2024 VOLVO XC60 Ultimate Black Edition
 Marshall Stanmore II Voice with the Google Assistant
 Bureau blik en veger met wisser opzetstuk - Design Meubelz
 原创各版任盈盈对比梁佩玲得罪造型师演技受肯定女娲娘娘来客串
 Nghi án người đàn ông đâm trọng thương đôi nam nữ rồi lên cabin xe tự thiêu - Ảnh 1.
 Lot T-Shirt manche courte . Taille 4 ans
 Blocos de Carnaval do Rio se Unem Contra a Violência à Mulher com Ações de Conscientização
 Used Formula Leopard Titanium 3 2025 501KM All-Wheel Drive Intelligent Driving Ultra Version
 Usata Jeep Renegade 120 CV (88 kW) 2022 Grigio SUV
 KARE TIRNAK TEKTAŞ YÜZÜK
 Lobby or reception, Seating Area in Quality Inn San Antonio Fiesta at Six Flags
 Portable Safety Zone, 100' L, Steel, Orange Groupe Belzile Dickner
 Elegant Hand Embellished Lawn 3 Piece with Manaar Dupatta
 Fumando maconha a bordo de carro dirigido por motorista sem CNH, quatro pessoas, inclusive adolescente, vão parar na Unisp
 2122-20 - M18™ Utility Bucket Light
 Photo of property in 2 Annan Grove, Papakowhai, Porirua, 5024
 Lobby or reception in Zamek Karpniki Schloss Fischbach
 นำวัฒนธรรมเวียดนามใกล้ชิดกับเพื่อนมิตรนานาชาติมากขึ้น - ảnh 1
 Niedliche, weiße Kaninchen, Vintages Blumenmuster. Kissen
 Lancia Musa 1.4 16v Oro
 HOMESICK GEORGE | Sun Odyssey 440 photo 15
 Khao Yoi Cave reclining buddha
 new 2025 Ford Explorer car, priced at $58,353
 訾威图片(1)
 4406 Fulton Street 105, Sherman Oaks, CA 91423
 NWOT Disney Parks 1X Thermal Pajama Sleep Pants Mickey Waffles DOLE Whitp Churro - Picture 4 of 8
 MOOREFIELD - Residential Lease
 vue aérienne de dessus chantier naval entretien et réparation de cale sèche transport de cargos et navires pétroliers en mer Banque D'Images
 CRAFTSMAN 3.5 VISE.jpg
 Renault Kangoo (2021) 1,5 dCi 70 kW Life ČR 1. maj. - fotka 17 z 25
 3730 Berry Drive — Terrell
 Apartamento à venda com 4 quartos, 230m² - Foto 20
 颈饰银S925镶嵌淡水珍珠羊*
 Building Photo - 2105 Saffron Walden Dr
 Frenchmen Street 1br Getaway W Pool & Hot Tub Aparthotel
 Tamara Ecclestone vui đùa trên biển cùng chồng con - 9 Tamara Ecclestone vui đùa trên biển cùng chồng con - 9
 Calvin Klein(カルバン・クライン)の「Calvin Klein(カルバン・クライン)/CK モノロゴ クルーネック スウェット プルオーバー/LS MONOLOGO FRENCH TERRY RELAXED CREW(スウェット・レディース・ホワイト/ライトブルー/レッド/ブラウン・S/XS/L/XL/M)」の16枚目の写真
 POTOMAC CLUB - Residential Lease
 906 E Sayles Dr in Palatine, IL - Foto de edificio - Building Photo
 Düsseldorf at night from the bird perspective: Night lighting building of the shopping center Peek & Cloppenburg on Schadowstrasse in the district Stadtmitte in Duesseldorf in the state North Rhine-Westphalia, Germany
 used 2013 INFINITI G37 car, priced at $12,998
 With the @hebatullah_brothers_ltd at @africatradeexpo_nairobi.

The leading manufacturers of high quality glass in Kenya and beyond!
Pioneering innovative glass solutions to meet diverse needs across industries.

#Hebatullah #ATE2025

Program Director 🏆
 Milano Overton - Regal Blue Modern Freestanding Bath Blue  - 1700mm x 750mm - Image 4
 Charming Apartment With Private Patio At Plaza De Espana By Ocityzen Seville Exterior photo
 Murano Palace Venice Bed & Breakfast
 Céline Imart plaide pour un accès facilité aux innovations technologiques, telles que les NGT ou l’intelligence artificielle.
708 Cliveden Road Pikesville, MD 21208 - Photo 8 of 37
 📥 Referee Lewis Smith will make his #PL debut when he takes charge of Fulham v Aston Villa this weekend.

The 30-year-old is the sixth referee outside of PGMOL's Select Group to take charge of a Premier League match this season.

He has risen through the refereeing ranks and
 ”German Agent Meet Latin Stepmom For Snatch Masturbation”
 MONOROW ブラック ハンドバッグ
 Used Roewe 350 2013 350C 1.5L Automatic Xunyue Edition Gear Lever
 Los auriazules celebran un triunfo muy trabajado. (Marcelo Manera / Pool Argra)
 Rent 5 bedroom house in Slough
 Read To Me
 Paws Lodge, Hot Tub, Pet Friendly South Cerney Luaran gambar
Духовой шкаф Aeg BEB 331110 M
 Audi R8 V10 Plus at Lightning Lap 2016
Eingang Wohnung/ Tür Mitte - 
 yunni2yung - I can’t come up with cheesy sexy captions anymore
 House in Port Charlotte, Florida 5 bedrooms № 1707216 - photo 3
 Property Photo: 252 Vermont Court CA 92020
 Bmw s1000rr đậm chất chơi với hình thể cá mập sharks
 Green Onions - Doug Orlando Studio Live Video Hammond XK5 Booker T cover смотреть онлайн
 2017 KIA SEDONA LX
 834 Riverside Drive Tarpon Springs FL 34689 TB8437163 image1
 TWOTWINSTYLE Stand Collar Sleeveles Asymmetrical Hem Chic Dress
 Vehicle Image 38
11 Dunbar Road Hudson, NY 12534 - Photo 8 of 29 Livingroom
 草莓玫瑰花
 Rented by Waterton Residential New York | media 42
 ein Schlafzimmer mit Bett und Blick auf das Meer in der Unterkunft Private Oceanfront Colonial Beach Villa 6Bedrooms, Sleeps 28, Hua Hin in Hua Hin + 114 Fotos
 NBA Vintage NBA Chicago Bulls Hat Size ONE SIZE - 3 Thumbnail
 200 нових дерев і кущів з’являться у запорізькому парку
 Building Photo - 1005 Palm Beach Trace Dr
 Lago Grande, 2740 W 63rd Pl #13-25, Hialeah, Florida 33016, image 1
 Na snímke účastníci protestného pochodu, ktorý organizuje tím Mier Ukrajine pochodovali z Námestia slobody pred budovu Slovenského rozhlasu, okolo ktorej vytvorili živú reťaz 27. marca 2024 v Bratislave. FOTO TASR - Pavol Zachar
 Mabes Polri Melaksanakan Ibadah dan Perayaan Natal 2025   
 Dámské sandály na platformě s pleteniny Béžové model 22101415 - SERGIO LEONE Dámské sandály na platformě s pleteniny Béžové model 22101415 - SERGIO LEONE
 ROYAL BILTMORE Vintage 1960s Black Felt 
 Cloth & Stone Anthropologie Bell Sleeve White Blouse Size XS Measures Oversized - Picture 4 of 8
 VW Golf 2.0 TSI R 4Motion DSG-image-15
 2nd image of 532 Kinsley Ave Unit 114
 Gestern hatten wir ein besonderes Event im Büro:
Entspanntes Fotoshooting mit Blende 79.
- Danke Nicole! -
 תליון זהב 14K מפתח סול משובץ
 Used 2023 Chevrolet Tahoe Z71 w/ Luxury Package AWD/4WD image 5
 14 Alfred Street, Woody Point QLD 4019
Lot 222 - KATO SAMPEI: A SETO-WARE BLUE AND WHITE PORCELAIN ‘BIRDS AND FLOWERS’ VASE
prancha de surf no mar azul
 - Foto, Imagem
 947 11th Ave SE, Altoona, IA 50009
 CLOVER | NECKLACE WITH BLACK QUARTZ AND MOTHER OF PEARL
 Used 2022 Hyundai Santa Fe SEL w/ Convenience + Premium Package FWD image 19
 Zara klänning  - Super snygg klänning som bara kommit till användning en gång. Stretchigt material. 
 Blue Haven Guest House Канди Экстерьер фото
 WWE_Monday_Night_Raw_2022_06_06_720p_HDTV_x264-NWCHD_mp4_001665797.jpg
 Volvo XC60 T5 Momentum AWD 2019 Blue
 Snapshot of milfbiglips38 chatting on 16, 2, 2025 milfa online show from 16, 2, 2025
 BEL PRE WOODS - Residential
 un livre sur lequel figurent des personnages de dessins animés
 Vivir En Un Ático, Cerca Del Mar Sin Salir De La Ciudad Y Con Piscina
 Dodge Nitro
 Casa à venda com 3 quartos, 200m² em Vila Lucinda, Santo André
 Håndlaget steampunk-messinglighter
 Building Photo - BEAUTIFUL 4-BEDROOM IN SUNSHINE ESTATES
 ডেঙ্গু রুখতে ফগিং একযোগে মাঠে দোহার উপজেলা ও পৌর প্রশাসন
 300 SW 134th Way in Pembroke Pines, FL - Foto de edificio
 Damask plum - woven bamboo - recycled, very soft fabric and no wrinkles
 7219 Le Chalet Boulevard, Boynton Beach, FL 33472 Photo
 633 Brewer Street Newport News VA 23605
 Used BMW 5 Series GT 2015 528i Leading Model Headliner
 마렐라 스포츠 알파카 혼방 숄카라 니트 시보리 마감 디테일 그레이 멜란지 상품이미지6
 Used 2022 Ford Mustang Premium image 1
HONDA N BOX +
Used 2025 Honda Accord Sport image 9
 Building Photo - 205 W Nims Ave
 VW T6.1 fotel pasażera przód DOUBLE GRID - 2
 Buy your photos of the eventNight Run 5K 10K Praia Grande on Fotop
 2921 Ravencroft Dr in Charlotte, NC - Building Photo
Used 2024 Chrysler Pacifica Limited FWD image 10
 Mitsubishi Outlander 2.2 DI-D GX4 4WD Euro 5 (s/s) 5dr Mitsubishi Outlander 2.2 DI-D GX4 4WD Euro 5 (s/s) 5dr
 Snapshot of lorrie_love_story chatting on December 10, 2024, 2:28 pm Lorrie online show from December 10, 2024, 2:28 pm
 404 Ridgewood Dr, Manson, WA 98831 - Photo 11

PROBLEM DETAILS
Only the lines above from the one with "Düsseldorf at night" up to and including the one with "Program Director 🏆" should be repeated, exactly as written.

RESULT
 Düsseldorf at night from the bird perspective: Night lighting building of the shopping center Peek & Cloppenburg on Schadowstrasse in the district Stadtmitte in Duesseldorf in the state North Rhine-Westphalia, Germany
 used 2013 INFINITI G37 car, priced at $12,998
 With the @hebatullah_brothers_ltd at @africatradeexpo_nairobi.

The leading manufacturers of high quality glass in Kenya and beyond!
Pioneering innovative glass solutions to meet diverse needs across industries.

#Hebatullah #ATE2025

Program Director 🏆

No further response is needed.